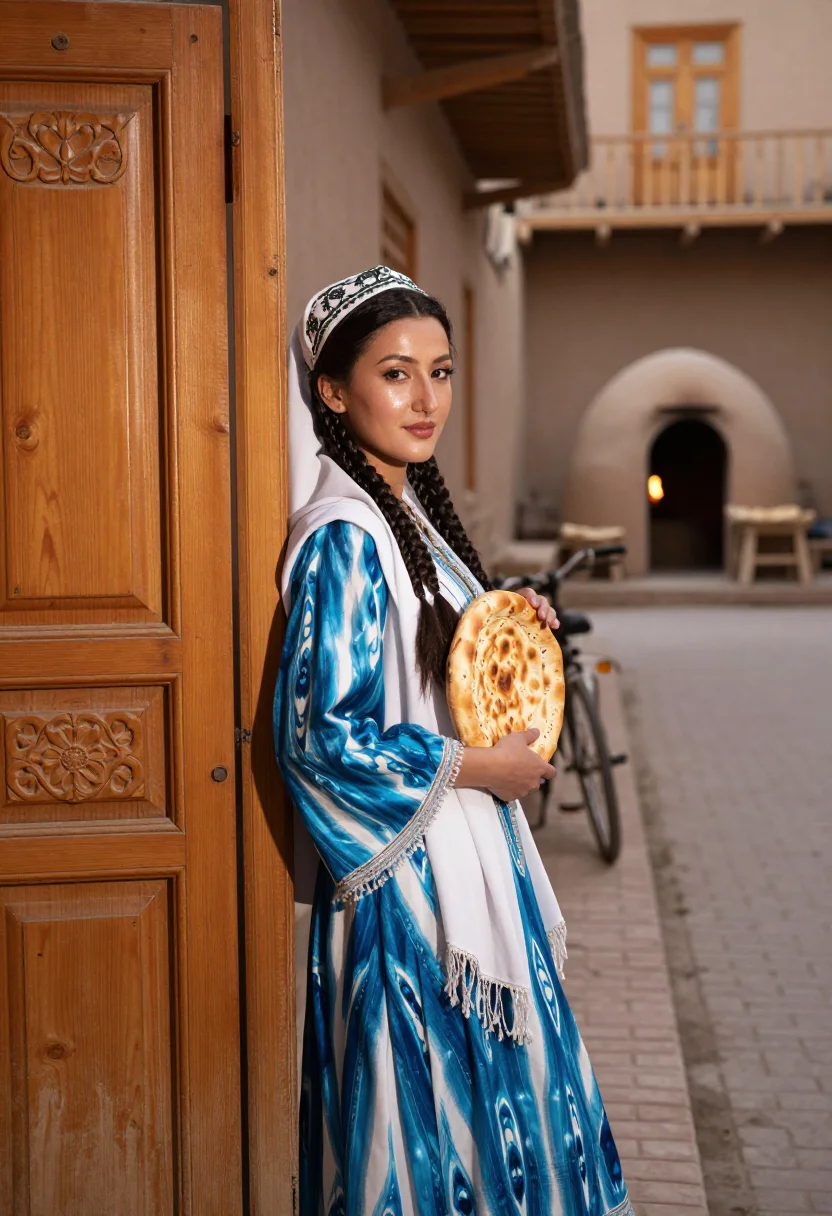 AI uyghur etles sample — portrait of a woman, half-length portrait of a Uyghur woman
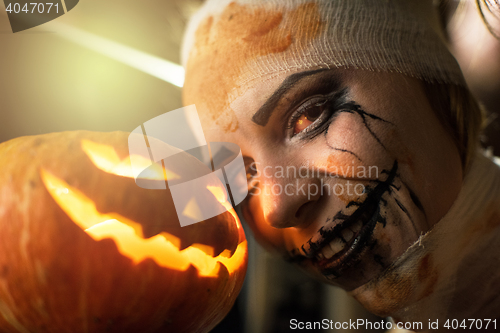 Image of Horrible girl with scary mouth and eyes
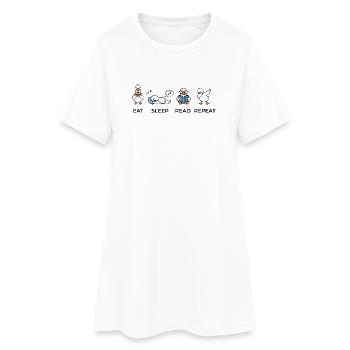 Mange, Dors, Lis, Répétez – Drôle de rat de bibliothèque - Robe T-shirt Femme - blanc - Devant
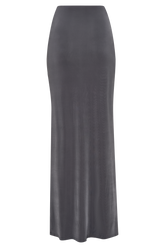 Bronwyn Slinky Ruched Maxi Skirt With Split - Charcoal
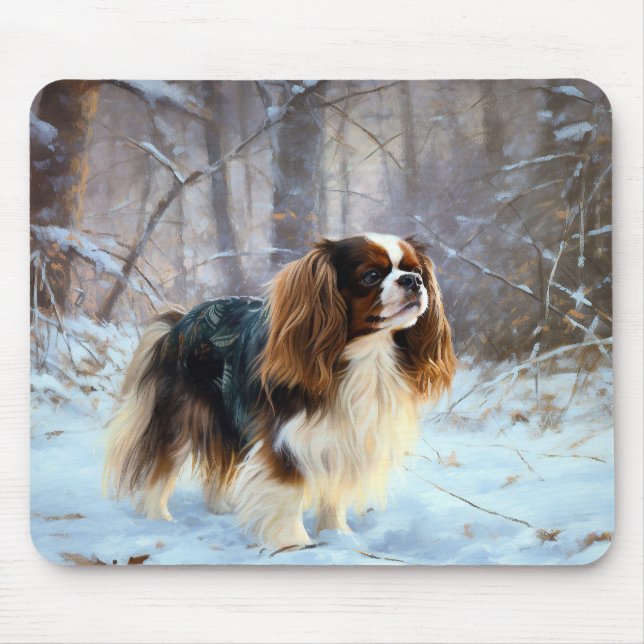 English Toy Spaniel Let It Snow Christmas  Mouse Mat (Front)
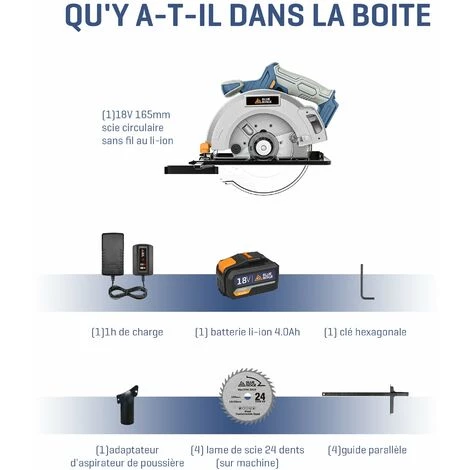 WESCO BlueRidge 18V Scie Circulaire Sans Fil 165mm, Protection & Sabot En Aluminium, 4,0Ah Li-ion Batterie, BR2803 4 WESCO BlueRidge 18V Scie Circulaire Sans Fil 165mm, Protection & Sabot En Aluminium, 4,0Ah Li-ion Batterie, BR2803 – Image 4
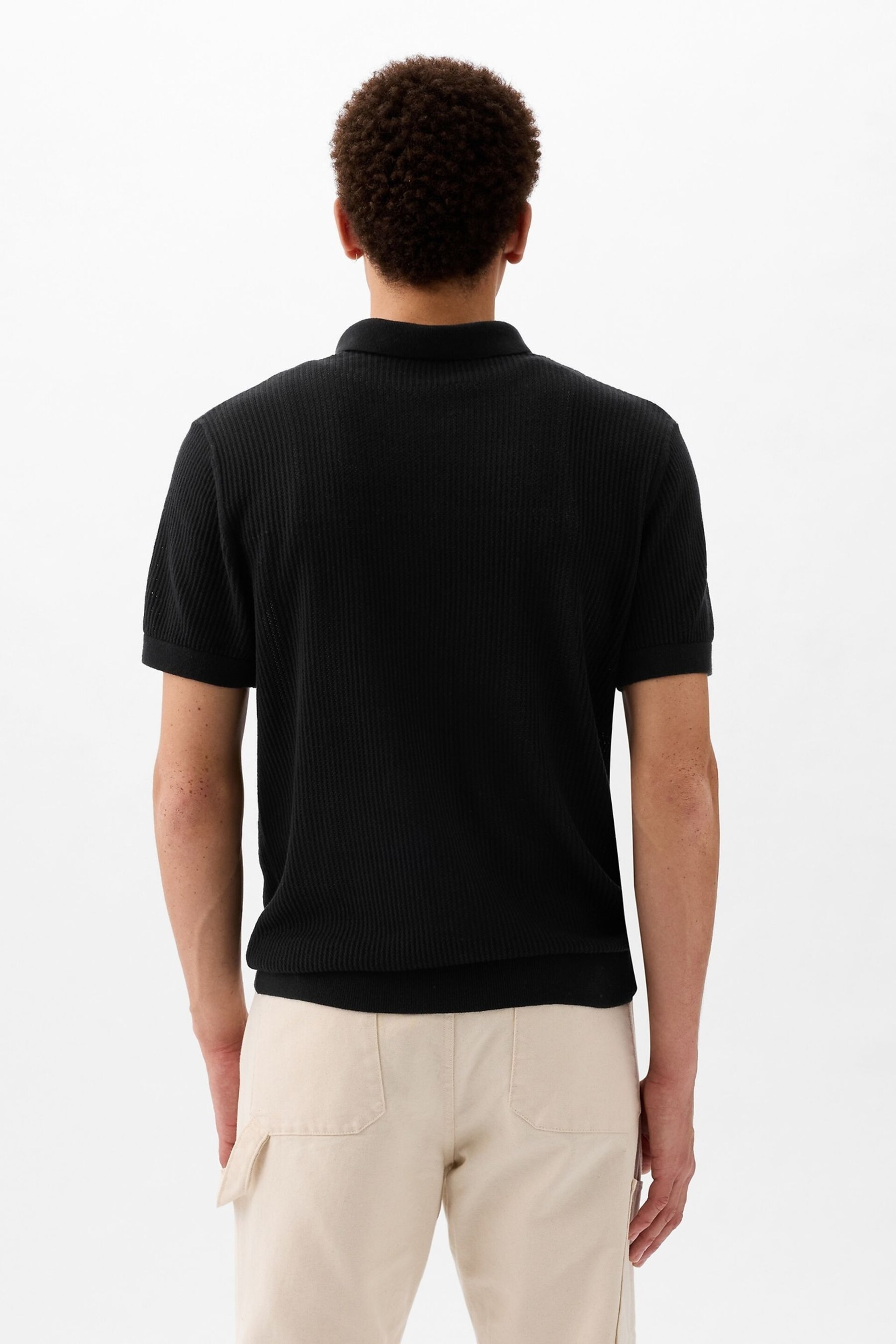 Gap Black Textured Short Sleeve Polo Shirt - Image 2 of 4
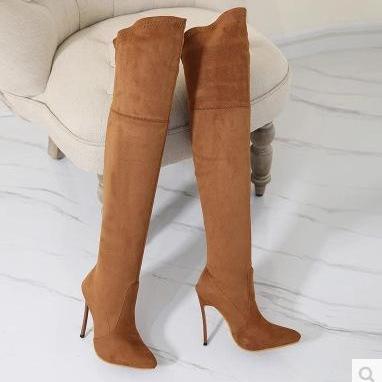Suede Stiletto High Heel Pointed Toe Zipper Over..
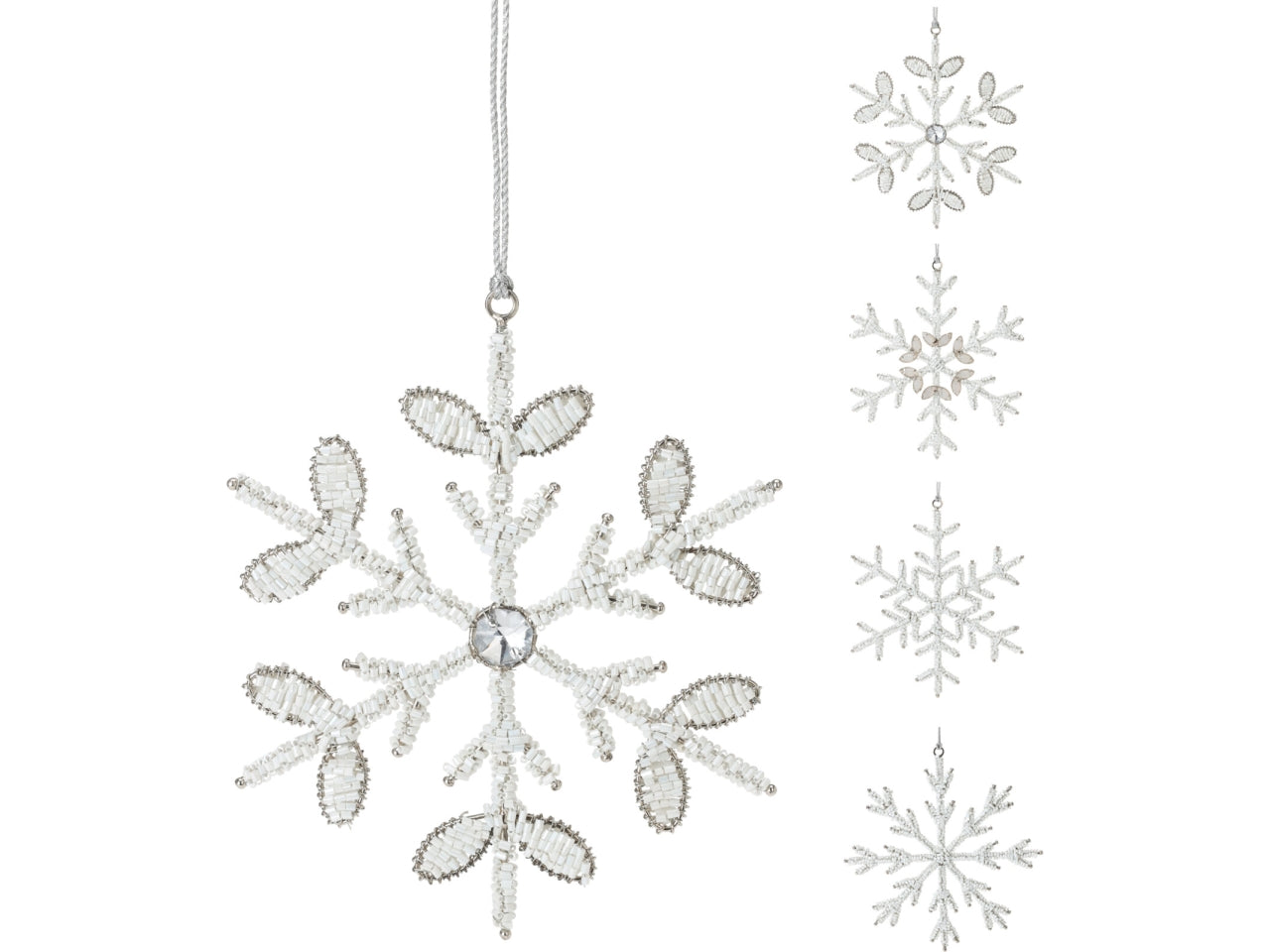 Pendente fiocco di neve con perline 15cm in 4 assortimenti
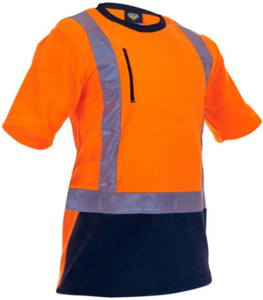 Hi-Vis D/N Polar Fleece Crew Neck T-Shirt Orange/Navy Empyre Workwear Packaging &hellip;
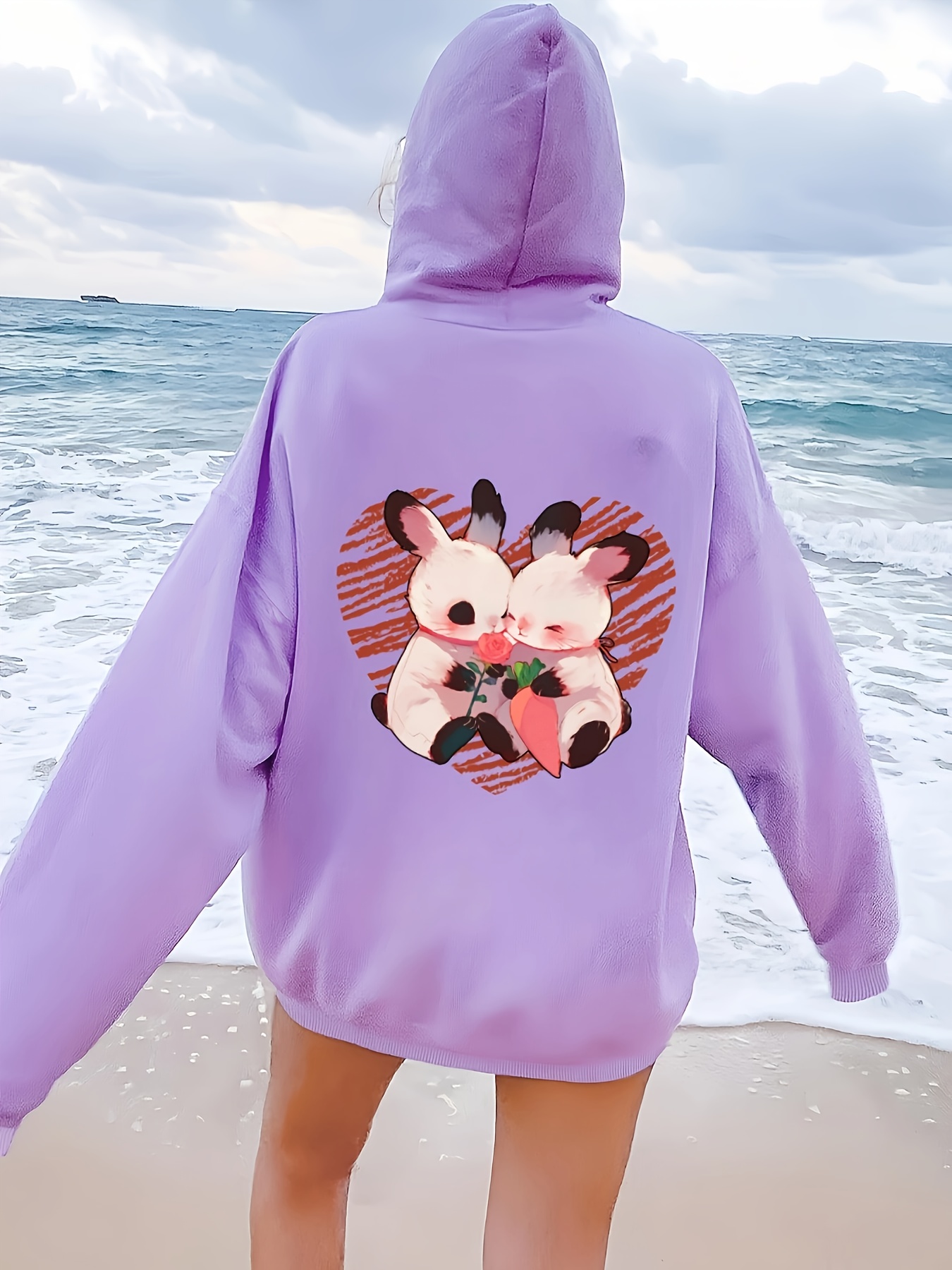 women's cute heart hoodie soft pink polyester Temu Ireland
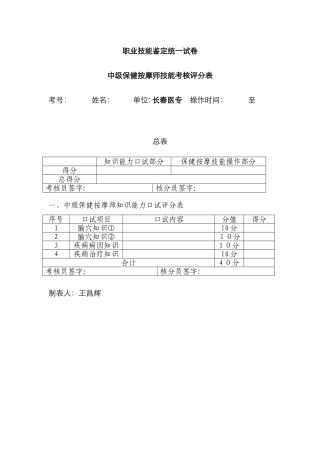 保健按摩师技能考核评分表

◆ ◆ ◆ ◆

- _What to produce_: Copy word for word the lines of the records above from the one with "Bronwyn Slinky Ruched" up to and including the one with "English Toy Spaniel". Skip the pictures.

- _Output of the exercise_:
 Bronwyn Slinky Ruched Maxi Skirt With Split - Charcoal
 English Toy Spaniel Let It Snow Christmas  Mouse Mat (Front)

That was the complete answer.